▸ **How to complete this task**: Reproduce the lines of the material exactly, excluding every image.

▸ **Data for the task**:
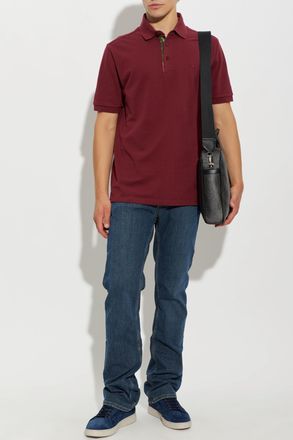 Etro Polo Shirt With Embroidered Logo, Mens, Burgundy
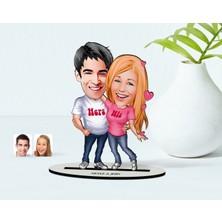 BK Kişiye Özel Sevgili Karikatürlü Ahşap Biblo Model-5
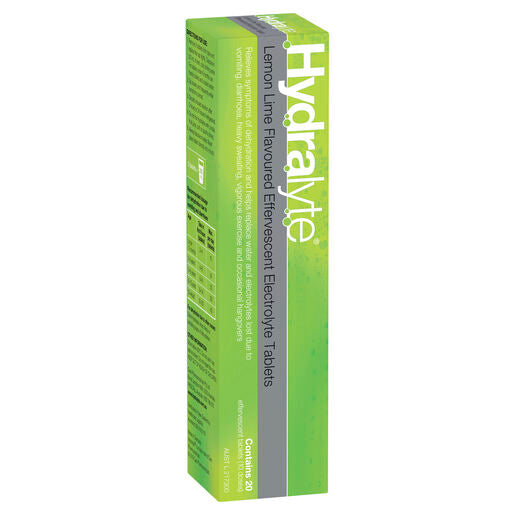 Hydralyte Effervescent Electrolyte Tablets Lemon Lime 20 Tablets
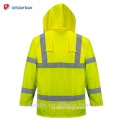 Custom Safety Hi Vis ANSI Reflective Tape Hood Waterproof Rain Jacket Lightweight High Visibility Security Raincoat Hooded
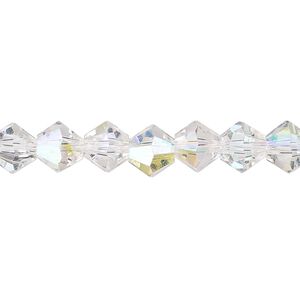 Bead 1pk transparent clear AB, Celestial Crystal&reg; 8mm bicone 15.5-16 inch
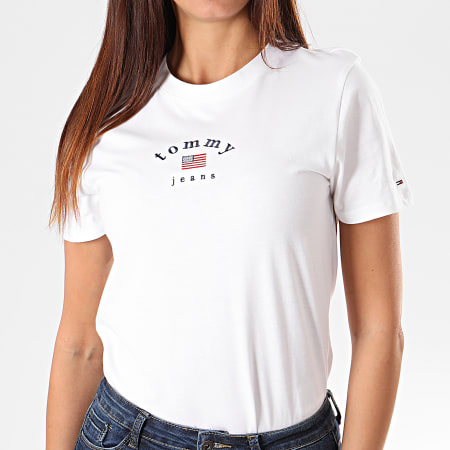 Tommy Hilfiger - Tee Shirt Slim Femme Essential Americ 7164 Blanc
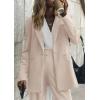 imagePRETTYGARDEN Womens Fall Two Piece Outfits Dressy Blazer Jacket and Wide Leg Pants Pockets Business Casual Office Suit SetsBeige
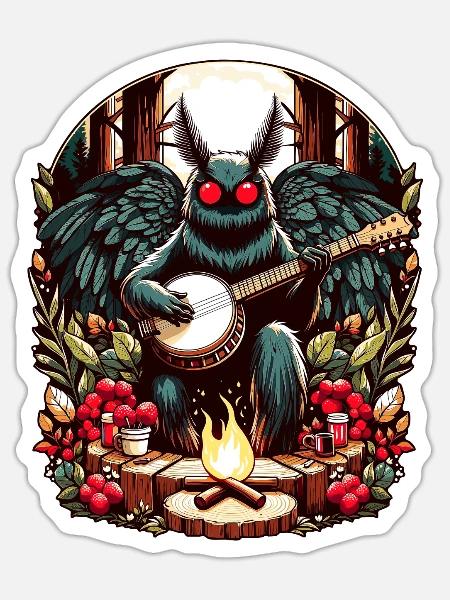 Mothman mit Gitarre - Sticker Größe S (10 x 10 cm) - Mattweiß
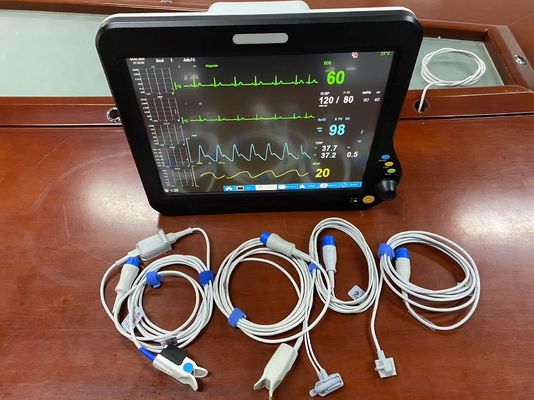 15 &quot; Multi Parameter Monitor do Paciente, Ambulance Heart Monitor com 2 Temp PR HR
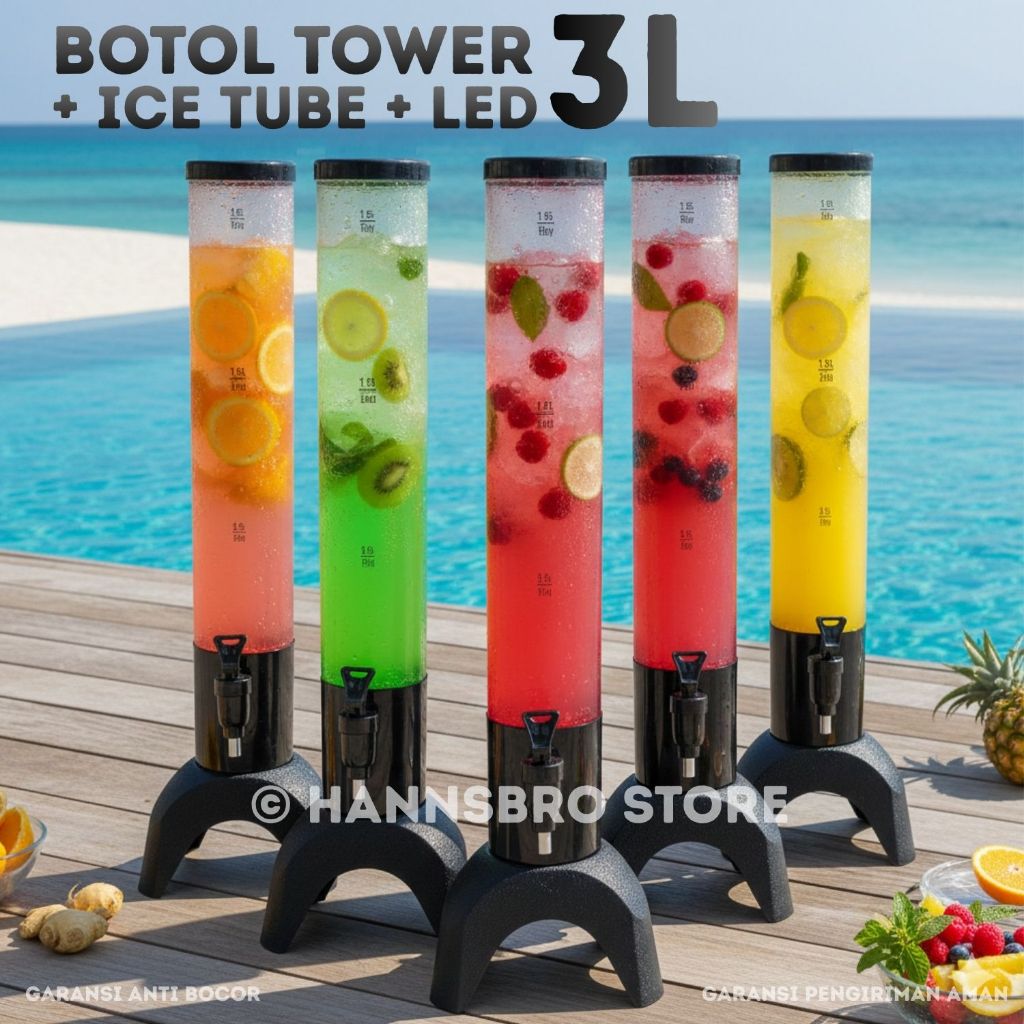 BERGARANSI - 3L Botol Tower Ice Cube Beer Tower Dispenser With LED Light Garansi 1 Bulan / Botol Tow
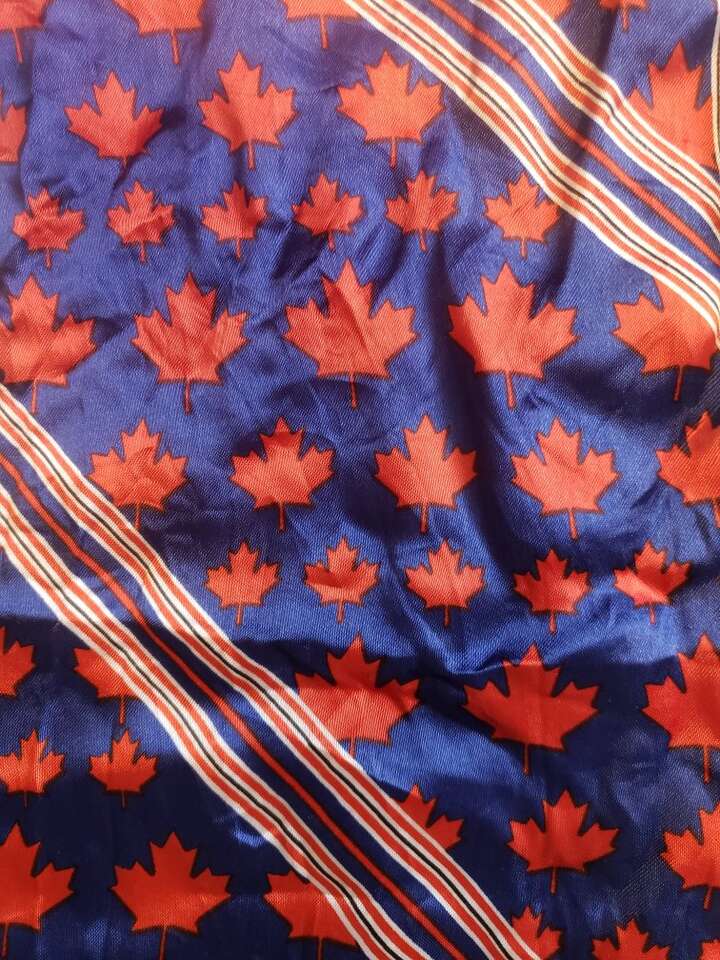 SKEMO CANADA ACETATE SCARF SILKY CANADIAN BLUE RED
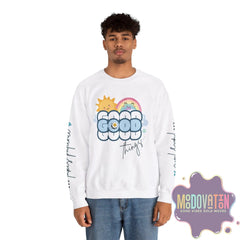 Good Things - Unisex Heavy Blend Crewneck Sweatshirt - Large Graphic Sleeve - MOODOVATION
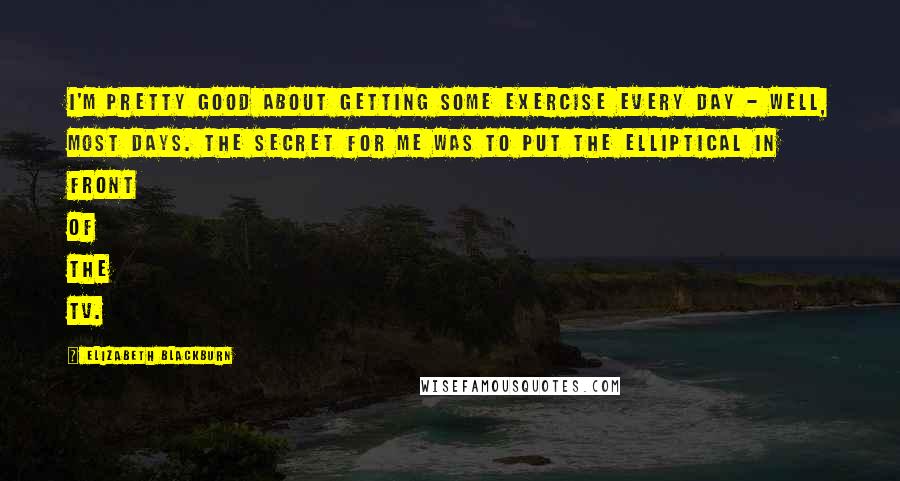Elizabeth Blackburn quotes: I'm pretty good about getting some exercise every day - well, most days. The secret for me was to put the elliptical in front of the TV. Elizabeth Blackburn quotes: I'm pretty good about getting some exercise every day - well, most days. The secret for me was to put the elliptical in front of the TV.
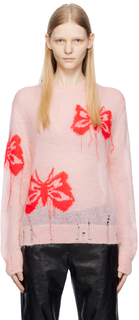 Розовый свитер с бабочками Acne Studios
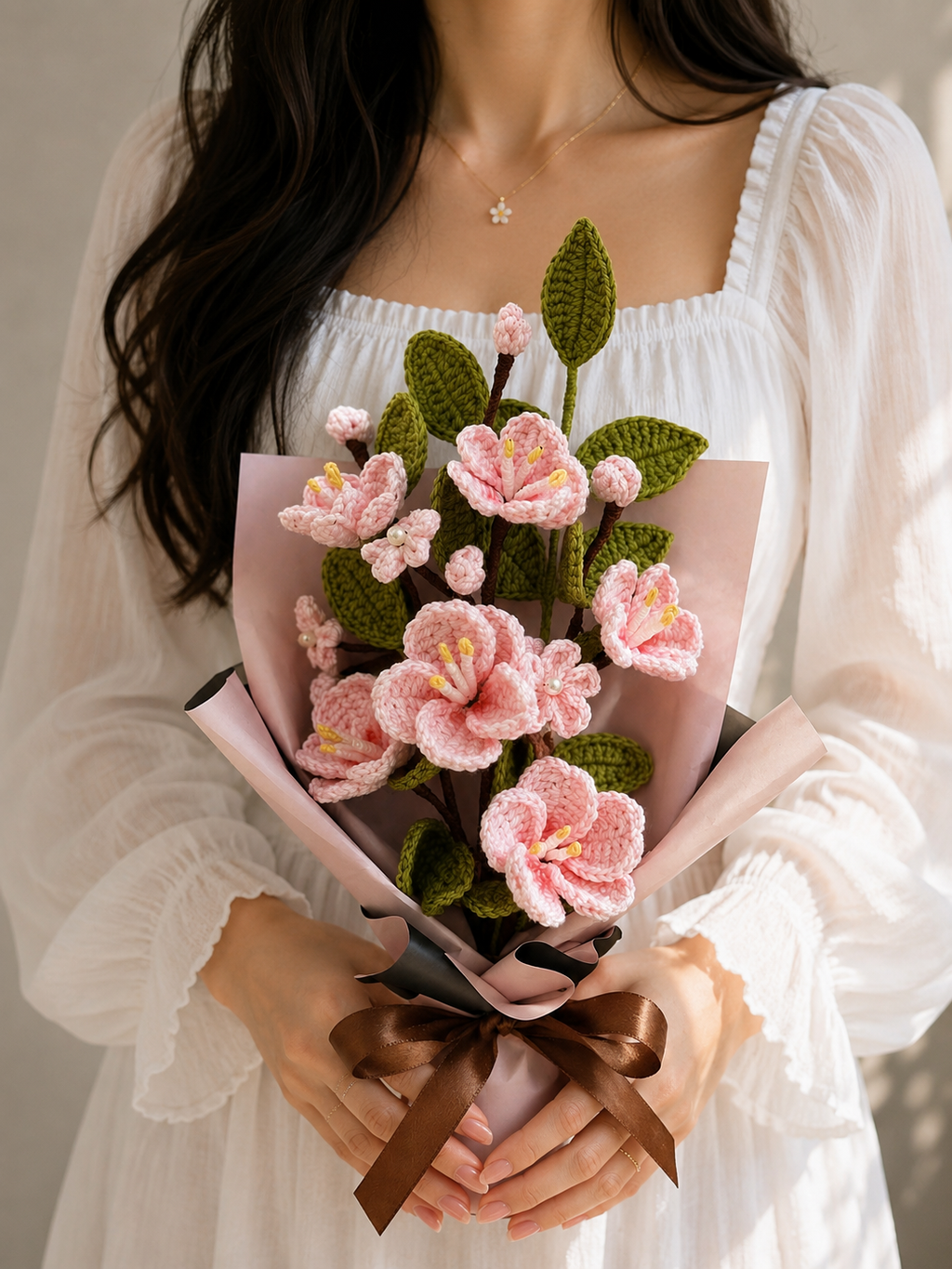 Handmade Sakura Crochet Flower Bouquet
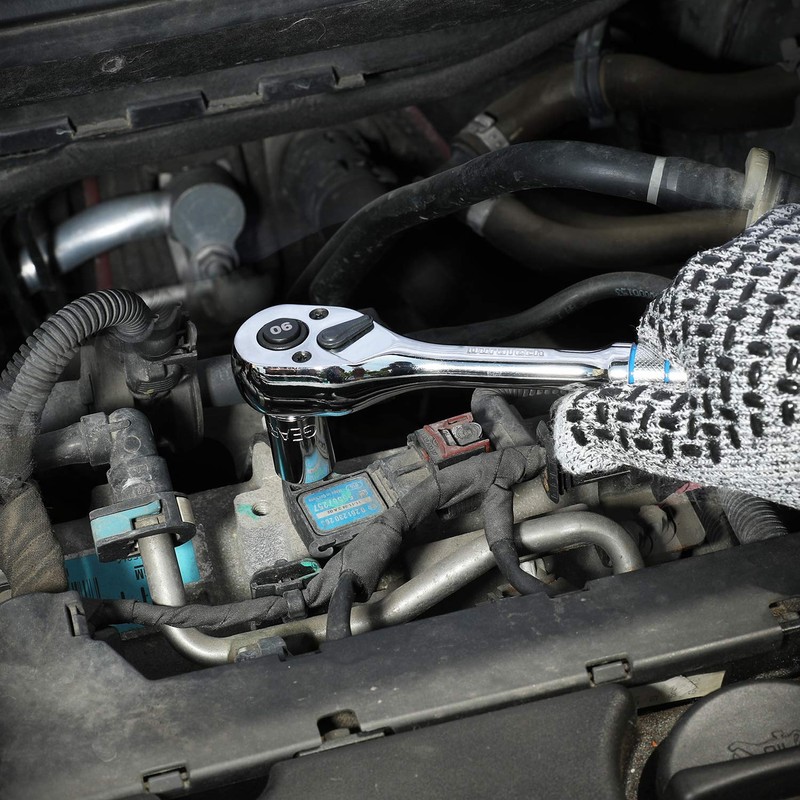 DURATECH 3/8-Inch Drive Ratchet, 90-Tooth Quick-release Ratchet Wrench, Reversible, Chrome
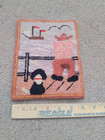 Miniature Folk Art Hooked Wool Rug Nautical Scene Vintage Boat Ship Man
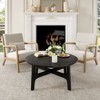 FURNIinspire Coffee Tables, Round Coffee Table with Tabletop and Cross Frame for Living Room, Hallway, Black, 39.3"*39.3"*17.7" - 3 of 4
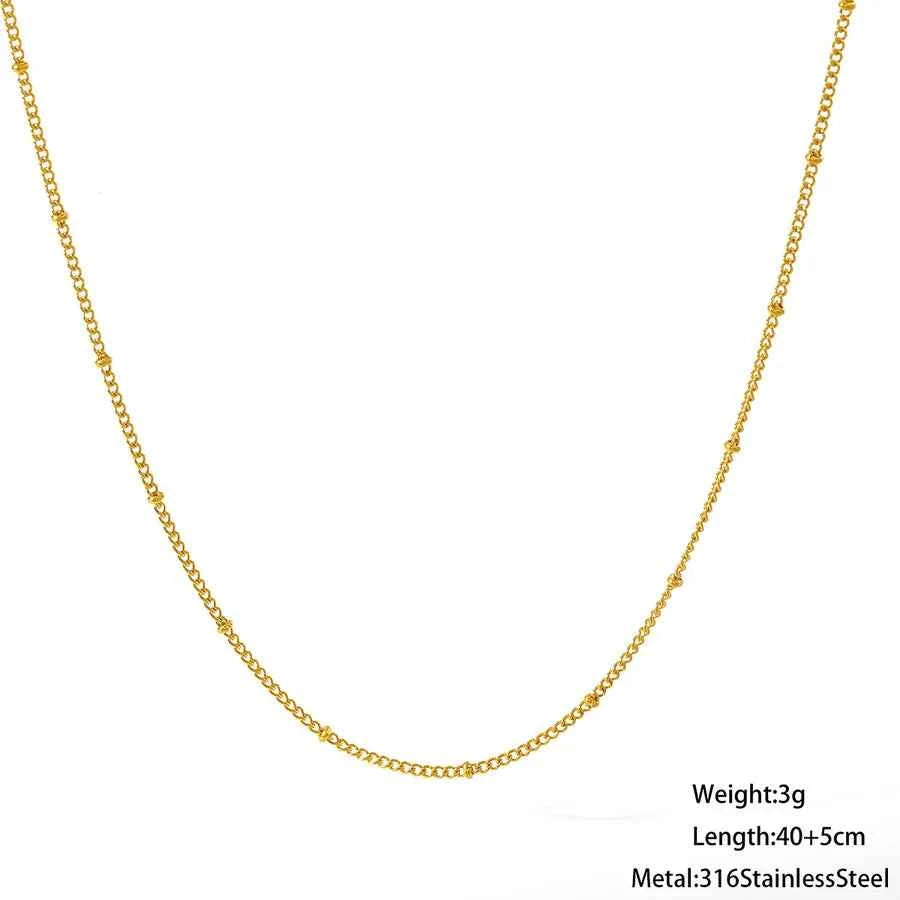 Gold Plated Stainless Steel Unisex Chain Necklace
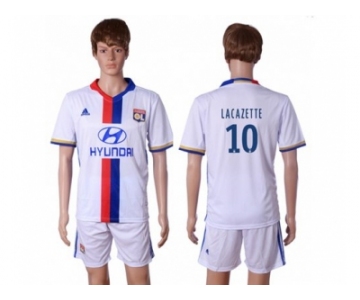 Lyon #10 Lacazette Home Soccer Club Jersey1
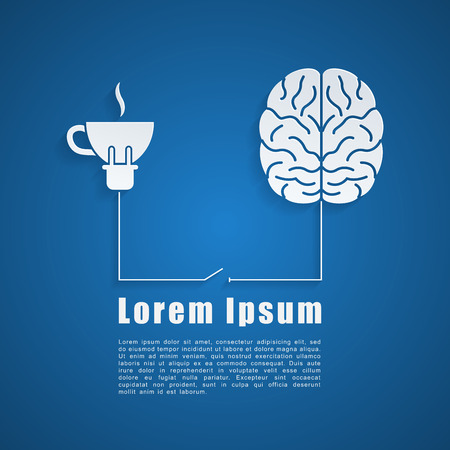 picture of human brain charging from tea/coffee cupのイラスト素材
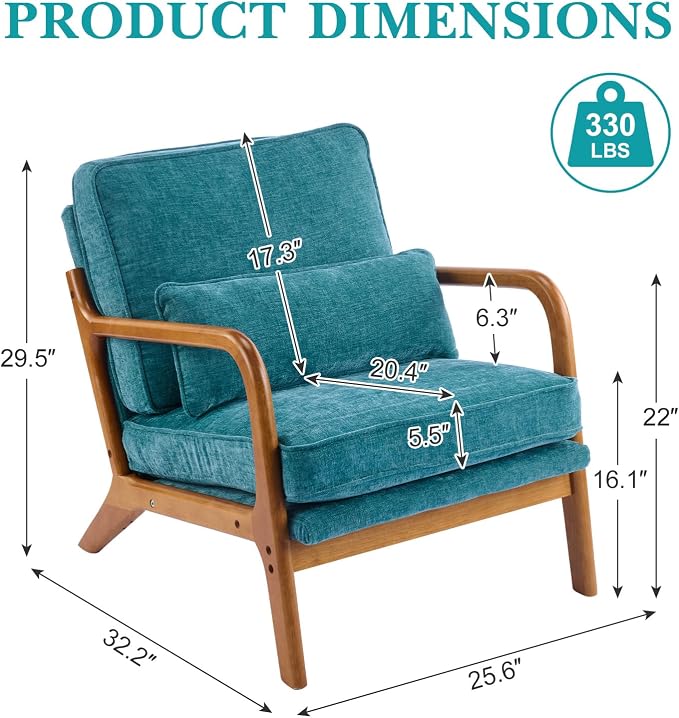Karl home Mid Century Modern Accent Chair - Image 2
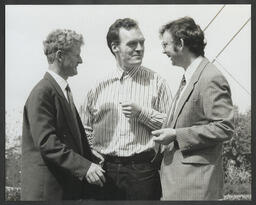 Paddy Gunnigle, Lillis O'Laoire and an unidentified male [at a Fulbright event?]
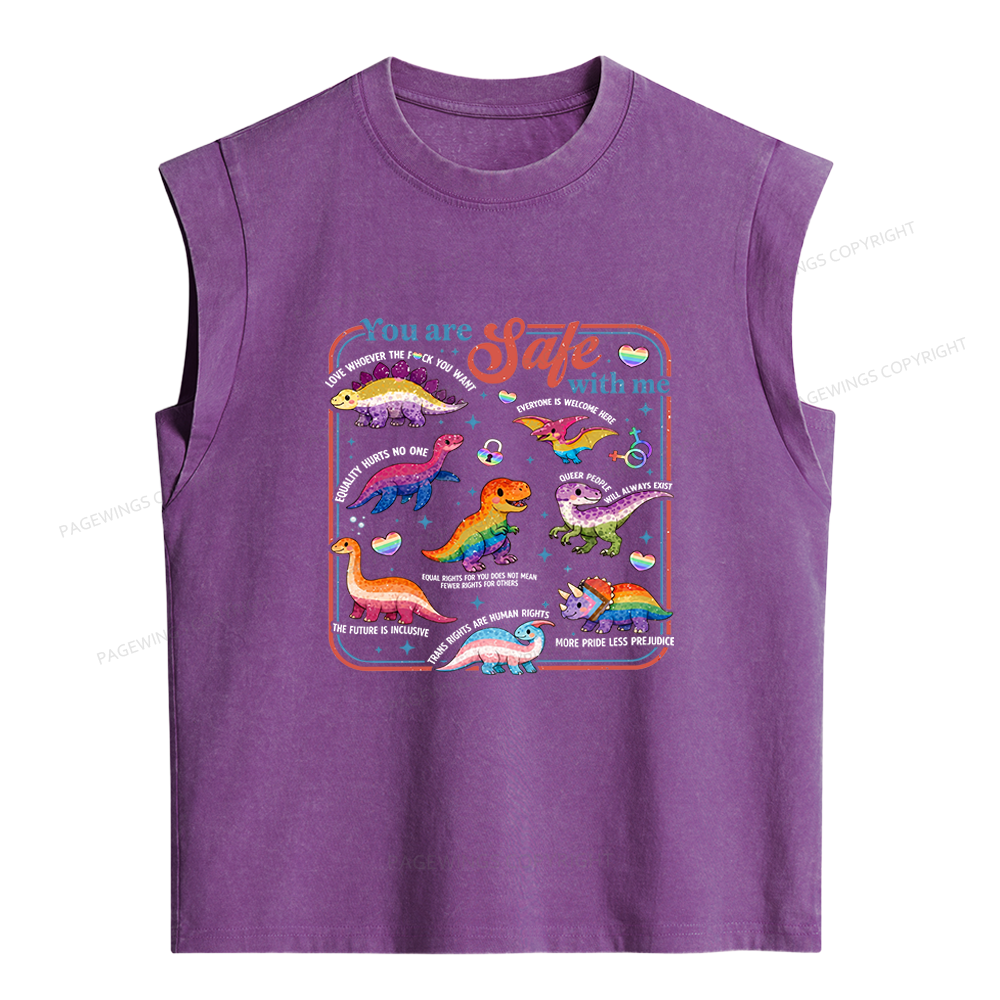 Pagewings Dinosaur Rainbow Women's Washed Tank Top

▸ **Expected answer**:
 Etro Polo Shirt With Embroidered Logo, Mens, Burgundy
 BK Kişiye Özel Sevgili Karikatürlü Ahşap Biblo Model-5
 Hydralyte Effervescent Electrolyte Tablets Lemon Lime 20 Tablets
 Custom Safety Hi Vis ANSI Reflective Tape Hood Waterproof Rain Jacket Lightweight High Visibility Security Raincoat Hooded
 Bead 1pk transparent clear AB, Celestial Crystal&reg; 8mm bicone 15.5-16 inch
 Tommy Hilfiger - Tee Shirt Slim Femme Essential Americ 7164 Blanc
 imagePRETTYGARDEN Womens Fall Two Piece Outfits Dressy Blazer Jacket and Wide Leg Pants Pockets Business Casual Office Suit SetsBeige
 Mothman mit Gitarre - Sticker Größe S (10 x 10 cm) - Mattweiß
 15 &quot; Multi Parameter Monitor do Paciente, Ambulance Heart Monitor com 2 Temp PR HR
 BERGARANSI - 3L Botol Tower Ice Cube Beer Tower Dispenser With LED Light Garansi 1 Bulan / Botol Tow
 SKEMO CANADA ACETATE SCARF SILKY CANADIAN BLUE RED
 Good Things - Unisex Heavy Blend Crewneck Sweatshirt - Large Graphic Sleeve - MOODOVATION
Elizabeth Blackburn quotes: I'm pretty good about getting some exercise every day - well, most days. The secret for me was to put the elliptical in front of the TV. Elizabeth Blackburn quotes: I'm pretty good about getting some exercise every day - well, most days. The secret for me was to put the elliptical in front of the TV.
 Розовый свитер с бабочками Acne Studios
 Handmade Sakura Crochet Flower Bouquet
 DURATECH 3/8-Inch Drive Ratchet, 90-Tooth Quick-release Ratchet Wrench, Reversible, Chrome
 Miniature Folk Art Hooked Wool Rug Nautical Scene Vintage Boat Ship Man
 FURNIinspire Coffee Tables, Round Coffee Table with Tabletop and Cross Frame for Living Room, Hallway, Black, 39.3"*39.3"*17.7" - 3 of 4
 Gold Plated Stainless Steel Unisex Chain Necklace
 Lyon #10 Lacazette Home Soccer Club Jersey1
 picture of human brain charging from tea/coffee cupのイラスト素材
Karl home Mid Century Modern Accent Chair - Image 2
 Paddy Gunnigle, Lillis O'Laoire and an unidentified male [at a Fulbright event?]
 Pagewings Dinosaur Rainbow Women's Washed Tank Top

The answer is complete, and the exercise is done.